I have the impression (never worked with it myself) that the B5500 was a classic, and Burroughs generally had some very good stuff going on.
We had an IBM 1130 for about a year, with a 1MB disk pack, about the size of a pizza box, and 8K words of magnetic core memory.
I played with an 1130 across the river at St. Olaf College, as well as two 1620s (our highschool actually had a 1620 in 1968, and they hadn't just gotten it then).
I don't think I still remember much about how to make drum cards, though. I *do* have some cards from back then out near my computer at home; found them cleaning out some stuff, and could quite bear to just dump them, so they're kicking around.
Making the multi-program drum cards was a bit nasty with multi-punching so I wrote an assembly program for the IBM 1130 that would read two program-1 cards, shift the second's codes appropriately, then punch multi-program cards.
Couldn't do that on the 1620 or the 1401, so I had to deal with them by hand.

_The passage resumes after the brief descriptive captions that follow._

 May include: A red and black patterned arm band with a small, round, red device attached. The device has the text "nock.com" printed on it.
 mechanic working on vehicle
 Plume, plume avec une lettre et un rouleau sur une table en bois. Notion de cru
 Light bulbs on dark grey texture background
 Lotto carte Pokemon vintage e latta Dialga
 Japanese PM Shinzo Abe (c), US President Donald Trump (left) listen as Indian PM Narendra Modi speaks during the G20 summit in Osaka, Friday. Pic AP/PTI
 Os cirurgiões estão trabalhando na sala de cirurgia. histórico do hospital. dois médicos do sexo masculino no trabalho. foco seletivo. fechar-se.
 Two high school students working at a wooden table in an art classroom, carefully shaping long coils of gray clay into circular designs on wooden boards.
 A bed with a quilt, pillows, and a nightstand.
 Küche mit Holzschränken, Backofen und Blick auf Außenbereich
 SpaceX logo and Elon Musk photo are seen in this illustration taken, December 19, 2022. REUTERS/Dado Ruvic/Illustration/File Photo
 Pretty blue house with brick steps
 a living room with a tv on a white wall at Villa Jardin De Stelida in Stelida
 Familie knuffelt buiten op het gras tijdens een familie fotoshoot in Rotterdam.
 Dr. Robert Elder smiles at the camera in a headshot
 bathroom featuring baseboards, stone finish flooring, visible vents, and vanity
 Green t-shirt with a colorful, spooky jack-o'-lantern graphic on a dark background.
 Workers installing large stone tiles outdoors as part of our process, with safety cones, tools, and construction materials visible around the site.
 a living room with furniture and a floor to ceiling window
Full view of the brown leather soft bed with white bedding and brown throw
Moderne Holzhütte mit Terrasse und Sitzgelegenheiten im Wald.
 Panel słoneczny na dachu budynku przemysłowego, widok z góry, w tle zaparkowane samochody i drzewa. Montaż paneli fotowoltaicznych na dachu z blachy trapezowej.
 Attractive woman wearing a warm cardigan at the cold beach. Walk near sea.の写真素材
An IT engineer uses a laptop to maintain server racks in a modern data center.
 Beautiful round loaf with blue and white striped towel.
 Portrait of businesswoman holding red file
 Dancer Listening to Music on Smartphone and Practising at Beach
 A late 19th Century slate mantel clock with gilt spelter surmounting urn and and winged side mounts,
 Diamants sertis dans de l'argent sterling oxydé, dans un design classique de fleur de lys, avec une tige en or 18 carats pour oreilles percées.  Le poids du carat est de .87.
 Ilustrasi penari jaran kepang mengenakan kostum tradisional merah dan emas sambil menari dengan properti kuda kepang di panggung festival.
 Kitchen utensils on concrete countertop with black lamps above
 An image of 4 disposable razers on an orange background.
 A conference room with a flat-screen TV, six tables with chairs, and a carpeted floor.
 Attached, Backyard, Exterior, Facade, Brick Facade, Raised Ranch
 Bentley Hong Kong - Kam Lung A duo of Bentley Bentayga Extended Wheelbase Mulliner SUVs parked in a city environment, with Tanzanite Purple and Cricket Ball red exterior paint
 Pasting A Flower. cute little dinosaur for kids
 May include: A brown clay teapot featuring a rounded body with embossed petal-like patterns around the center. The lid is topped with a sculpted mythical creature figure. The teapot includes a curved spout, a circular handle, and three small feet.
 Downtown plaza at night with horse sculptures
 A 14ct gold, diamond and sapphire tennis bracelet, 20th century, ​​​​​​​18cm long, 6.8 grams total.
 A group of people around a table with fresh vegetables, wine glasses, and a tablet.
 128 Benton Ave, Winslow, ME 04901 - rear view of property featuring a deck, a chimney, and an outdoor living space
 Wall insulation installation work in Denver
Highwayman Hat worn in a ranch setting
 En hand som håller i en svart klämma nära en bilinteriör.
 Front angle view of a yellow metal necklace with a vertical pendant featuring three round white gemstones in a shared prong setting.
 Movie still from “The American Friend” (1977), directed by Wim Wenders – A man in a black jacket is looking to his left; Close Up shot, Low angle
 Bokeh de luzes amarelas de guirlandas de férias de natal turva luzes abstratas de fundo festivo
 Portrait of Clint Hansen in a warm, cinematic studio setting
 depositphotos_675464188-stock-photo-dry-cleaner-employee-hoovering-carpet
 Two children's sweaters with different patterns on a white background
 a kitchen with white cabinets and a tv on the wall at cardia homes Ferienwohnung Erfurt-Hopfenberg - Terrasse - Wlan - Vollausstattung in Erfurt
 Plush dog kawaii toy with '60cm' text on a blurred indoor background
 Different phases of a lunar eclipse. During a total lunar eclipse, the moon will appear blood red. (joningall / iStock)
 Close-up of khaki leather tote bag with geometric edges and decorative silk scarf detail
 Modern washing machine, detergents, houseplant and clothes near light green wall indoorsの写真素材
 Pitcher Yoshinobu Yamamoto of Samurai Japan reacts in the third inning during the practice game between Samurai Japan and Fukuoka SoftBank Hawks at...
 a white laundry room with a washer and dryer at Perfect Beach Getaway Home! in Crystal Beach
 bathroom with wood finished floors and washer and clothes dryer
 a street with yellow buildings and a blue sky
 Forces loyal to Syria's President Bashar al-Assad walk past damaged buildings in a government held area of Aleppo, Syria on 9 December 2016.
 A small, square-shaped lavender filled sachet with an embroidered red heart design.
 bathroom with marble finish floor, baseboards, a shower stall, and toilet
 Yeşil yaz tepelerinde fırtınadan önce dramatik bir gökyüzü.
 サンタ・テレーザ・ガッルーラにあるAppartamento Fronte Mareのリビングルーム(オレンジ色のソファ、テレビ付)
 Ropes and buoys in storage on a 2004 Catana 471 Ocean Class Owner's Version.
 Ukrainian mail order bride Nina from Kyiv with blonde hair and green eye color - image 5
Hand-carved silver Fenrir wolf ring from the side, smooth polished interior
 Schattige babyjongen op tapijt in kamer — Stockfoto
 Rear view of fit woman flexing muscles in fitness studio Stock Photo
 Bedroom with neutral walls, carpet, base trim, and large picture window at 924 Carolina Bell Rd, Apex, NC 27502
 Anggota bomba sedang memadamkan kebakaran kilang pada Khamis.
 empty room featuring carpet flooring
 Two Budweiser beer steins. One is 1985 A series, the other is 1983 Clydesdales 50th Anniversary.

I had another assembly program that would detect blank cards, selecting them to the alternate hopper making it easy to recover the blanks that people left lying around the key punches (there was a period during the 1970s when punch cards got very expensive and in rather short supply).
I wrote a program for the 1401 (to control the 1402) that would take cards from reader and punch and merge them in a defined sequence into the middle output hopper, which was selectable from both sides. The purpose being to create complexly striped decks from colored cards.
Luckily cards never got scarce while I was still using them. We were pretty thorougly off cards by 1976, though.
I moved to DEC hardware -- PDP-11 (running RSTS), and then when I graduated from college I moved to a DECSYSTEM-20 site, and then into DEC's field software support organization, and then into their engineering organization in Marlboro MA.